[Directions]
Every record that follows is to be copied exactly, with the pictures omitted.

----------------------------------------

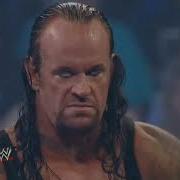 Undertaker Theme Song Custom Titantron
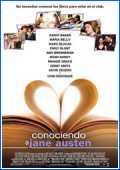 Conociendo a Jane Austen 
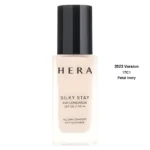 Silky Stay 24H Longwear Foundation - 12 Colors (x10) (Bulk Box) - Image 5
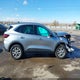 1FMCU9GNXPUB27330 2023 Ford Escape Active auction photo thumbnail 13
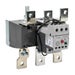 HTOR400-330-B Thumbnail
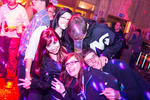 Bärental Party 11316505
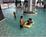 Virginia Beach Resort Hotel And Conference Center::Priceline.com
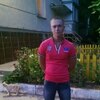 Дима, 25, г.Горловка Дима, 25, г.Горловка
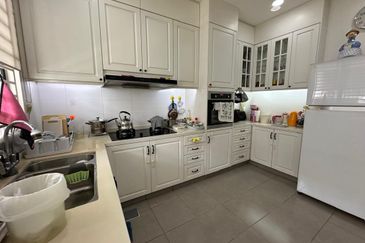 Bandar Seri Coalfields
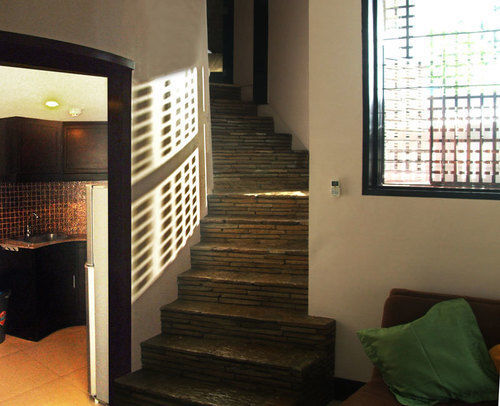 Utopia Resort & Spa Puerto Galera Esterno foto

----------------------------------------

[Result of this task]
 Undertaker Theme Song Custom Titantron
 Conociendo a Jane Austen 
 Silky Stay 24H Longwear Foundation - 12 Colors (x10) (Bulk Box) - Image 5
 1FMCU9GNXPUB27330 2023 Ford Escape Active auction photo thumbnail 13
 HTOR400-330-B Thumbnail
 Bärental Party 11316505
 Virginia Beach Resort Hotel And Conference Center::Priceline.com
 Дима, 25, г.Горловка Дима, 25, г.Горловка
 Bandar Seri Coalfields
 Utopia Resort & Spa Puerto Galera Esterno foto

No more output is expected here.